SPEECHSPLIT icon indicating copy to clipboard operation
SPEECHSPLIT copied to clipboard

An implement of SPEECHSPLIT


  • This code is an implementation of SPEECHSPLIT. The algorithm is based on the following paper:

Qian, K., Zhang, Y., Chang, S., Cox, D., & Hasegawa-Johnson, M. (2020).

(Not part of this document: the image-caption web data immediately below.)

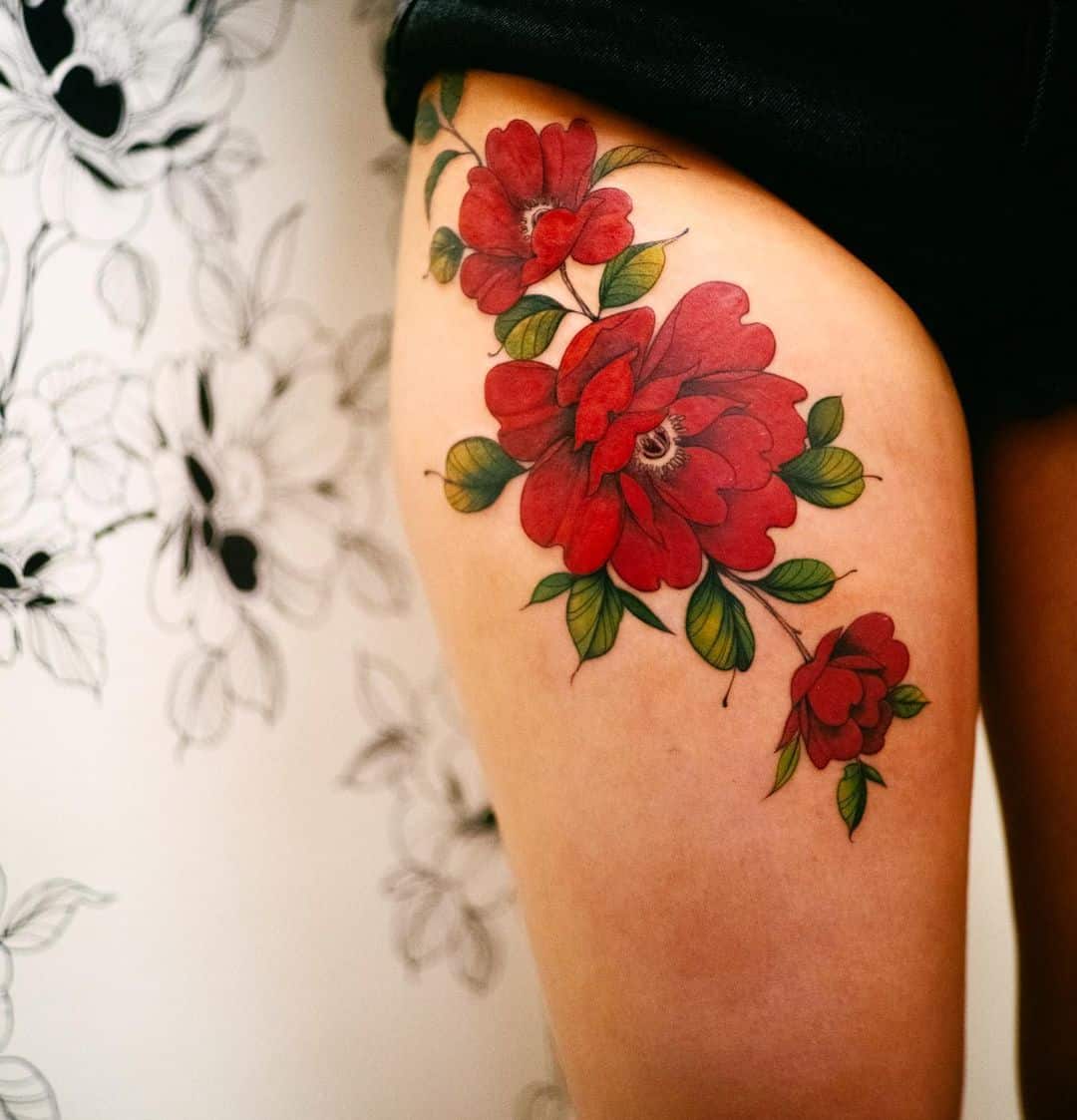 rose flower tattoo on thigh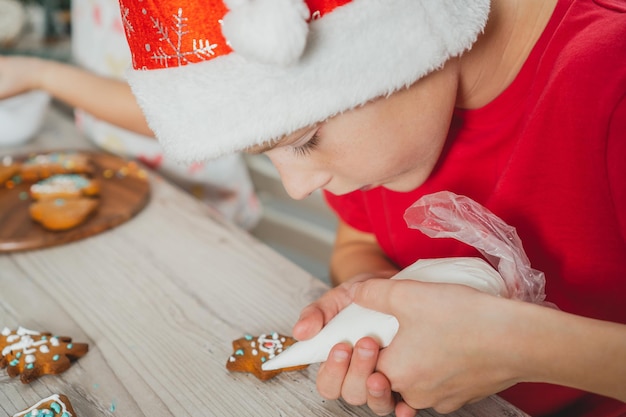 Jongen van 8 jaar oud in rode kerstmuts versiert peperkoekkoekjes met suikerglazuur op houten tafel in de keuken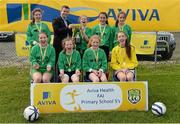 13 May 2014; Woodland NS, Letterkenny, Co. Donegal, celebrate with the cup after winning the Girl's section 1, with Damien Flaherty, Aviva. Aviva Health FAI Primary School 5’s Ulster Finals, Ballyare, Donegal League HQ, Letterkenny, Co. Donegal. Picture credit: Oliver McVeigh / SPORTSFILE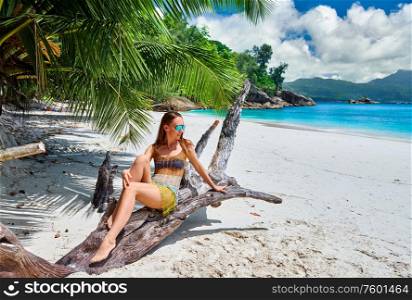 Woman on beach Anse Soleil at Seychelles, Mahe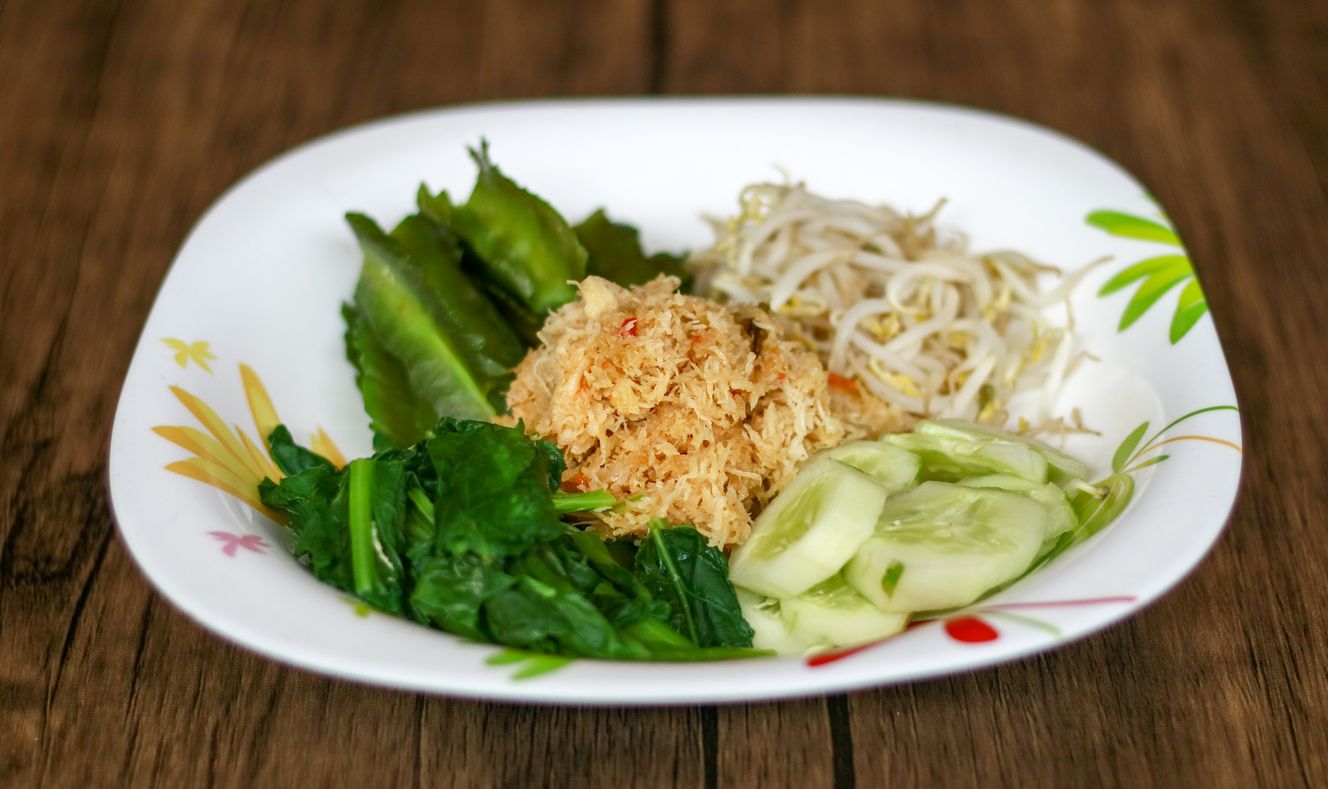 Sayur urap on wood background. Cooked vegetables with spiced grated coconut. Indonesian traditional food.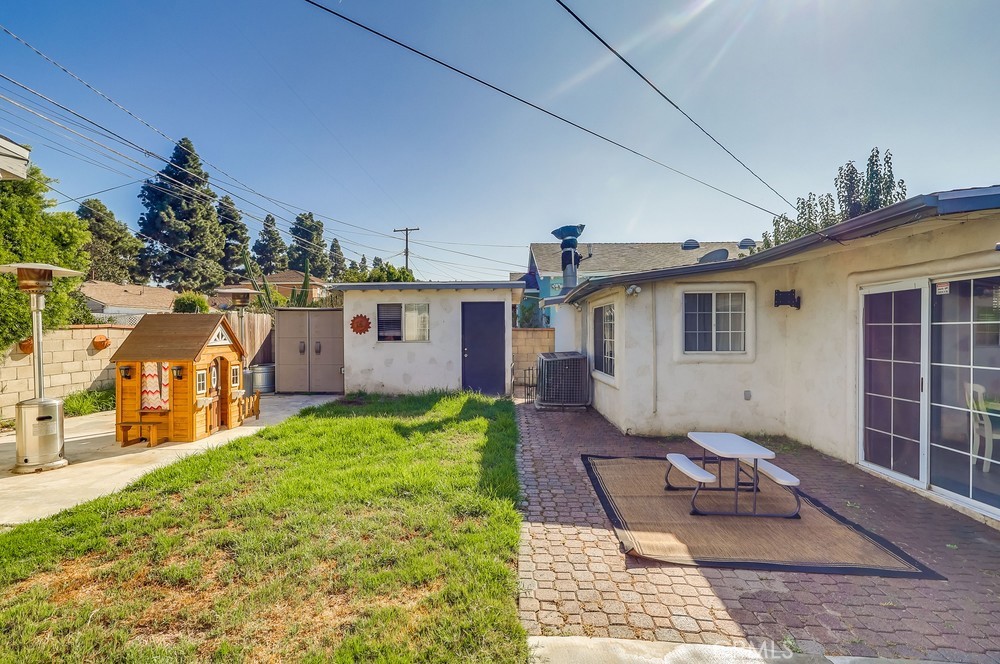 5202 Fidler Avenue Lakewood, CA 90712 - Photo 24 of 30 a view of a house with backyard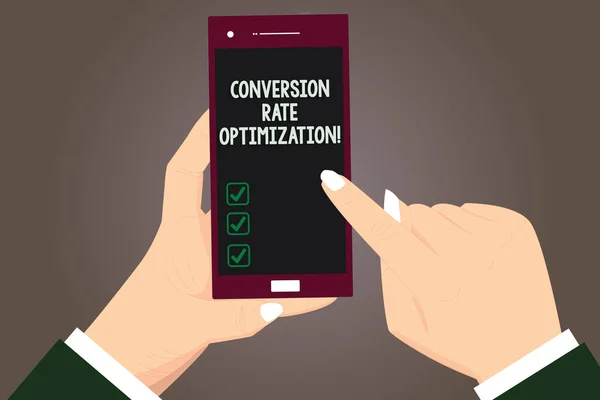 Word writing text Conversion Rate Optimization. Business concept for increasing the percentage of website visitors Hu analysis Hands Holding Pointing Touching Smartphone Blank Color Screen.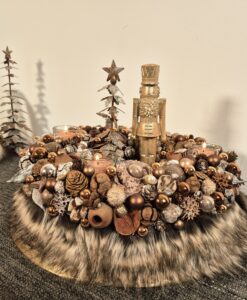 Hübsche Weihnachtsdeko mit Kerzen, Tannenzapfen, Baumkugeln und Zierteilen auf einem dekorativen Untergrund für festliche Stimmung.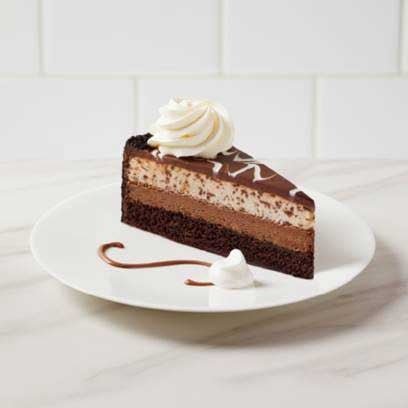 Slice of layered chocolate cake on a white plate.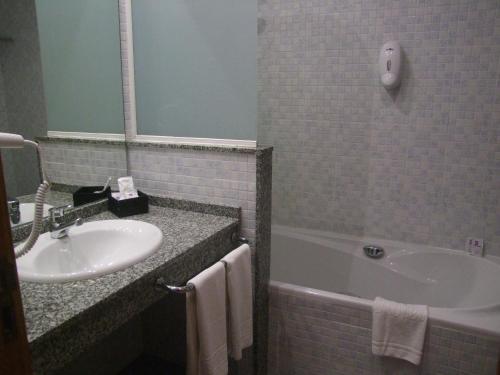 a bathroom with a sink and a bath tub at Real Ferrol in Ferrol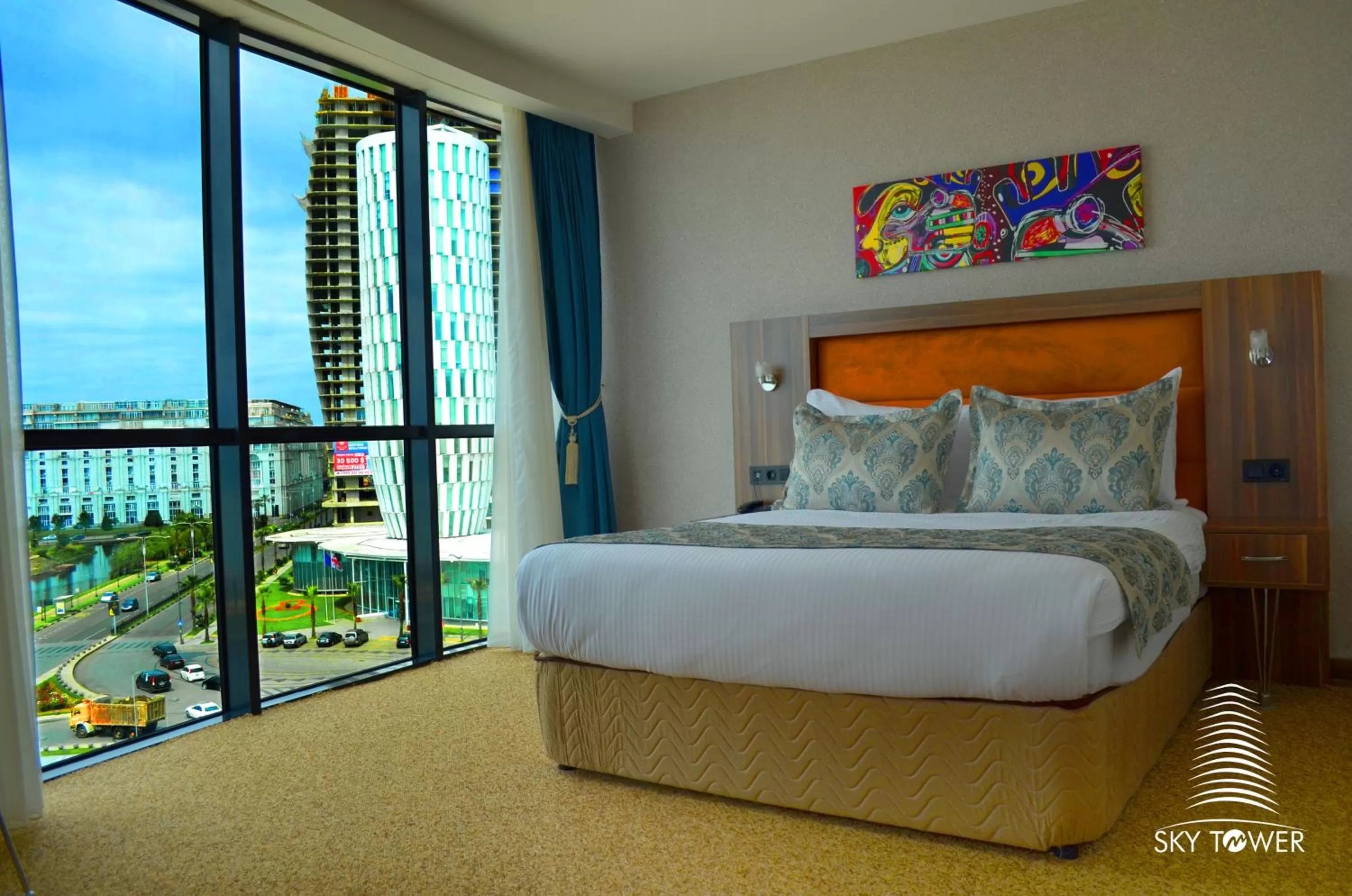 Photo of the whole room, Bed in Sky Tower King Hotel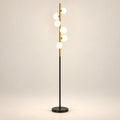 Milky globe column floor lamp on a warm studio background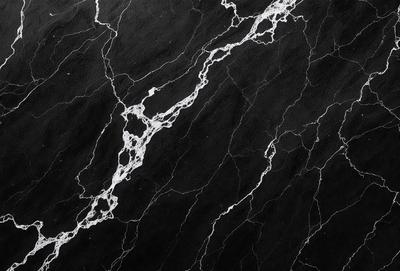 The primary subject of the image is a close-up of a marble surface with a black background. The marble surface features a pattern of white and black veins, giving it a unique and natural appearance. The visual style of the image is a close-up, which emphasizes the intricate details of the marble pattern. The colors and mood of the image are predominantly black and white, creating a sense of elegance and sophistication.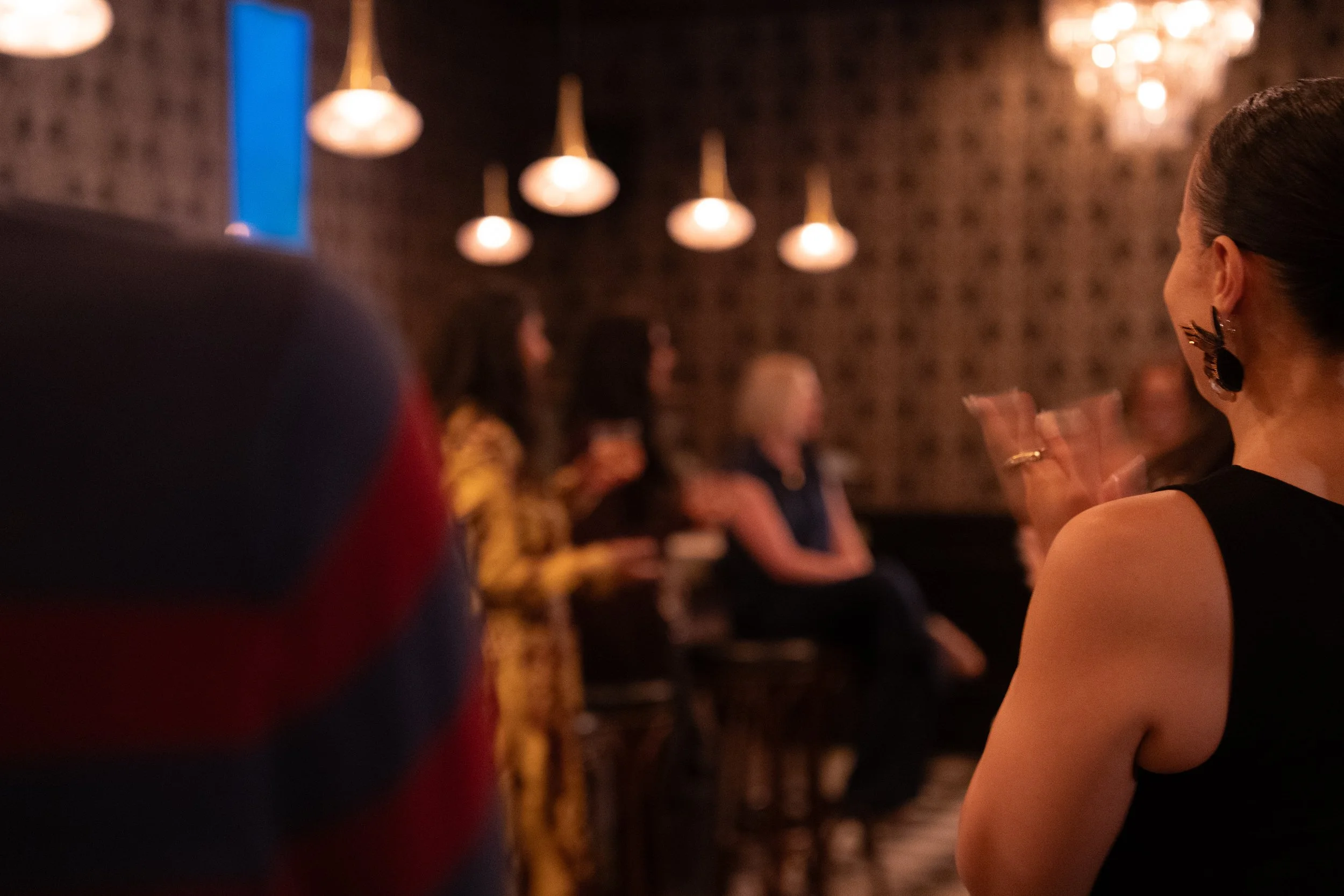 A depth-of-field image of people clapping at a Storyteller's Salon Changemaker's Dinner. They are blurred out, but can be seen clapping.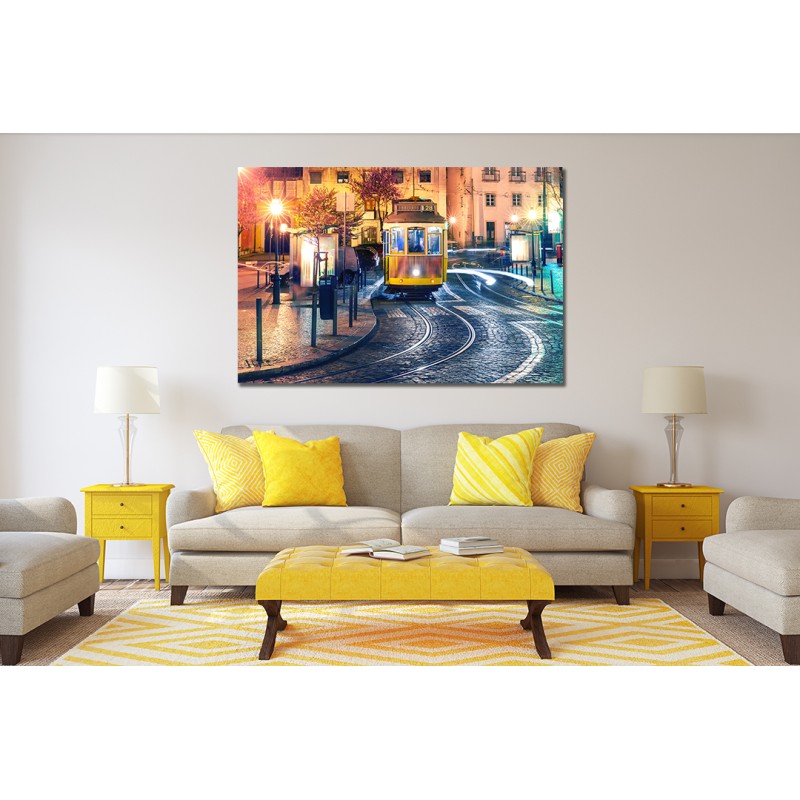 Famous vintage yellow 28 tram of of Alfama, in the oldest district of the Old Town at night, Lisbon, Portugal Printed Canvas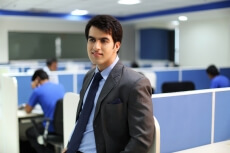 man in formal clothing leaning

Unsupervised speech decomposition via triple information bottleneck. arXiv preprint arXiv:2004.11284.


  • torch >= 1.5.0

  • tensorboardX >= 2.0

  • librosa >= 0.7.2

  • matplotlib >= 3.1.3

  • Optional for loss flow

    • tensorboard >= 2.2.2


Used dataset

  • Currently uploaded code is for the replication of papaer result.
  • I used 106 speakers in VCTK for model training.
  • Two speakers are used for inference only.
  • I will add the compatible dataset later.
Dataset Dataset address
VCTK https://datashare.is.ed.ac.uk/handle/10283/2651

Hyper parameters

Before proceeding, please set the pattern, inference, and checkpoint paths in 'Hyper_Parameter.yaml' according to your environment.

  • Sound

    • Setting basic sound parameters.
  • Num_Speakers

    • Setting how many speaekers are used.
  • Encoder

    • Setting rhythm, content and pitch encoder parameters
    • Random_Resample set the content and pitch encoder's random resample parameters.
  • Decoder

    • Setting the parameters of decoder.
  • WaveNet

    • Setting the parameters of Vocoder.
    • This implementation uses a pre-trained Parallel WaveGAN model.
      • https://github.com/CODEJIN/PWGAN_Torch
    • If checkpoint path is null, model does not exports wav files.
    • If checkpoint path is not null, all parameters must be matched to pre-trained Parallel WaveGAN model.
  • Train

    • Setting the parameters of training.
    • When the number of speaekrs in your train dataset is small, I recommend to increase the Train_Pattern/Accumulated_Dataset_Epoch.
      • The performance of dataset module of PyTorch is not good when dataset size is small.
  • Inference_Path

    • Setting the inference path
  • Checkpoint_Path

    • Setting the checkpoint path
  • Log_Path

    • Setting the tensorboard log path
  • Use_Mixed_Precision

    • Setting mixed precision.
    • To use, Nvidia apex must be installed in the environment.
  • Device

    • Setting which GPU device is used in multi-GPU enviornment.
    • Or, if using only CPU, please set '-1'.

Generate pattern


python Pattern_Generate_Replication.py [parameters]


  • -p
    • Set the path of VCTK. VCTK's patterns are generated.
  • -s
    • Set the number of speakers.
  • -e
    • Set the evaluation rate in the patterns.
    • For example, when the parameter is 0.1, 10% data does not trained, and they will used at the evaluation.
  • -mw
    • The number of threads used to create the pattern



python Train.py -s <int>
  • -s <int>
    • The resume step parameter.
    • Default is 0.
    • When this parameter is 0, model try to find the latest checkpoint in checkpoint path.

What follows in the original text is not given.